Don’t miss the latest developments in business and finance.

Don't count us out, says ICAI

Image
Vishaka Zadoo New Delhi
Last Updated : Feb 06 2013 | 5:15 PM IST
The Institute of Chartered Accountants of India (ICAI) has taken exception to the fact that the role of the institute in formulating accounting standards has been overlooked in the draft Companies Bill.
 
It has also opposed other provisions like bringing certain assignments relating to accounts and audit under the purview of secretarial compliance audit and including auditors in the definition of officer, in its response to the concept paper on the Companies Act, 1956.
 
In its list of suggestions sent to the ministry of company affairs, the ICAI has also said that the terms and references of the audit committee, the list of the non-audit services to be prohibited and qualifications of the auditors should be mentioned explicitly in the Act, rather than prescribed as rules later.
 
It has pointed out that the draft Bill recognises only those accounting standards that are prescribed by the Centre in consultation with the National Advisory Committee on Accounting Standards (NACAS).
 
The draft does not even allow for the time gap between the issuance of the standard by ICAI and its prescription by the Centre.
 
"This could lead to financial indiscipline, as companies may follow any accounting practice in the interim," the ICAI said.
 
It has suggested that till the standard is prescribed by the government, the one issued by ICAI be considered as an accounting standard for the purposes of the Act.
 
ICAI has also said that the role of NACAS should be restricted to being an advisory body.
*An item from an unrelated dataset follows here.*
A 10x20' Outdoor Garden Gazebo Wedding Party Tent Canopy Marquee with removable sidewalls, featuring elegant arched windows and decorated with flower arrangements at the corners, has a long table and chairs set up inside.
The draft Bill gives the body power to prescribe standards on its own, without the involvement of the government.
 
The institute has said that the purpose of including auditors as officers of companies was unclear, when even the whole-time company secretaries were not.
 
There were adequate clauses in the Act to deal with liabilities of the auditors.
 
"An auditor being independent, cannot be the officer of the company. By doing so, the auditors would be made liable for those violations that are responsibility of the management," ICAI said.
 
In order to preserve independence of auditors, a special resolution should be required for their removal. The draft bill has not included this provision even though it was present in Companies Bill, 2003.
 
To further enhance the independence of auditors, the auditor who has resigned should be required to give reasons for his resignation at the general meeting held for election of a new auditor, ICAI said.
 
The feedback note on the draft Companies Bill has also recommended that the remuneration of auditors should not include reimbursement of expenses.
 
"While reimbursement is not provided for any professional service rendered by an auditor, his remuneration is used to determine compliance with various notifications issued by the institute ensure independence of auditors, including ceiling on fee charged," the note added.